This repository contains the code/results corresponding to our ESE650 Final Project on Safe Reinforcement Learning.
Different branches of the repository contain code/results as indicated below:
- CAP adaption for safety-gym environment (branch: CAP_original)
- Our implemnetation of CAP-PG(very Slow) (branch: CAP_CCEM)
- Our implemnetation of CAP-PG(Faster) (branch: CAP_CCEM_FAST)
For all questions and issues please reach to Swati Gupta([email protected]), Jasleen Dhanoa([email protected]) and Kausik Sivakumar([email protected]).
- Create conda virtual encironment with python 3.6 (Use only python 3.6.13, mujoco_py installation fails otherwise)
- Install mujoco_py: 'pip3 install -U 'mujoco-py<2.2,>=2.1'
- Run
import mujoco_py
in python terminal.

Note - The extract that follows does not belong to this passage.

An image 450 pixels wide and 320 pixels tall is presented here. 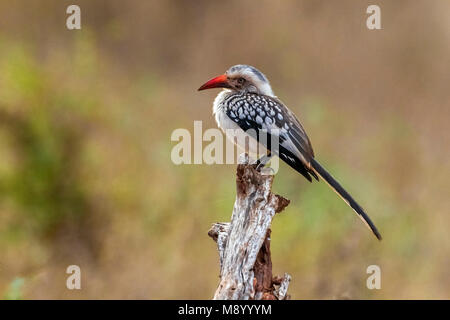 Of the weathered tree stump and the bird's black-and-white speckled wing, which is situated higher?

If there is no error proceed to check if your installation is done properly(step 10) - If you face GLEW initalization error(especially on AWS): do steps 4-9
sudo apt install libosmesa6-dev libgl1-mesa-glx libglfw3
sudo ln -s /usr/lib/x86_64-linux-gnu/libGL.so.1 /usr/lib/x86_64-linux-gnu/libGL.so
sudo apt-get install libglew-dev
sudo apt-get install --reinstall libglvnd0
- Do CONDA INSTALL FOR EVERYTHING ELSE which might be missing while running
import mujoco_py
in python terminal e.g.- numpy, clff, patchelf, imageio - Check if your installation of mujoco_py is done properly by making an environment: https://github.com/openai/mujoco-py
- Install gym via pip if it is not already installed:
pip install gym
- Install
safety_gym
by following steps 1-3:git clone https://github.com/openai/safety-gym.git
cd safety-gym
pip install -e .
- Edit or comment
mujoco
in the seup.py under/safety-gym
and addmujoco-py<2.2,>=2.1
instead as we have mujoco210 - Check if the installation is done properly by making an environment:https://github.com/openai/safety-gym(Mujoco needs to be installed prior to this!)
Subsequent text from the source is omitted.